Q6) Startup failure with: GLFW initialization failed

This is a driver or display issue:

  • A physical display must be connected to your GPU, unless you are running kit/Create headless with --no-window for streaming. No visual rendering can happen on the X11 window without a display and presentable swapchain.

  • Test the display setup with the following command. echo $DISPLAY If nothing is returned, set the environment.

  • Set the display environment as following persistently export DISPLAY=:0.0 Reboot upon completion.

  • echo $DISPLAY to verify again after the reboot.

  • Re-install the driver if above steps did not help.

Q7) Startup failure with: Failed to find a graphics and/or presenting queue.

  • Your GPU is not connected to a physical display. Required, except when running Kit/Create headless in --no-windows mode

  • Your GPU is connected to a physical display, however, it is not set as the default GPU in xorg for Ubuntu’s GUI rendering:

    • Choose what GPU to use for both Ubuntu UI and Omniverse rendering to present the output to the screen.

    • Set its busid as follows and reboot: sudo nvidia-xconfig --busid PCI:103:0:0

    • busid is in decimal format, taken from NVIDIA X Server Settings

    • Connect the physical display to that GPU and boot up.

    • If you have multiple GPUs, --/renderer/activeGpu=1 setting cannot change what GPU to run on. busid must be set in the xorg config, and then activeGpu should be set to the same device if it is not zero.

    • NVIDIA Colossus involves a lot more work.
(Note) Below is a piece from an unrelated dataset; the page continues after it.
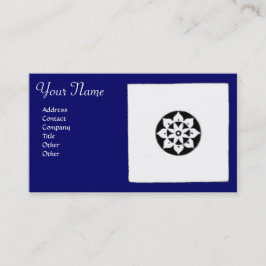 RENAISSANCE HARMONY Blue White Geometric Blommigt Visitkort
Refer to Issac setup.

Q8) Startup failure for carb::glinterop with X Error of failed request:  GLXBadFBConfig

OpenGL Interop support is optional for RTX renderer in the latest build, and is only needed for Storm renderer. However, such failures typically reveals other system setup issues that might also affect Vulkan applications.

  • A few potential issues:

    • Unsupported driver or hardware. Currently, OpenGL 4.6 is the minimum required.

    • Uninstall OpenGL utilities such as Mesa-utils and re-install your NVIDIA driver.

Q9) How to specify what GPUs to run Omniverse apps on

  • Single-GPU mode: Follow Q8 instructions to set the desired main GPU for presentation, and then set index of that GPU with the following option during launch if it is not zero. --/renderer/activeGpu=1

  • Multi-GPU mode: Follow Q8 instructions and then set indices of the desired GPUs with the following option during launch. The first device in the list performs the presentation and should be set in Xorg config. --/renderer/multiGpu/activeGpus='1,2'

Note

  • Always verify that your desired GPUs are set as Active with a “Yes” in the GPU table of omniverse .log file under [gpu.foundation]. GPU index in above options are from this table and not from nvidia-smi.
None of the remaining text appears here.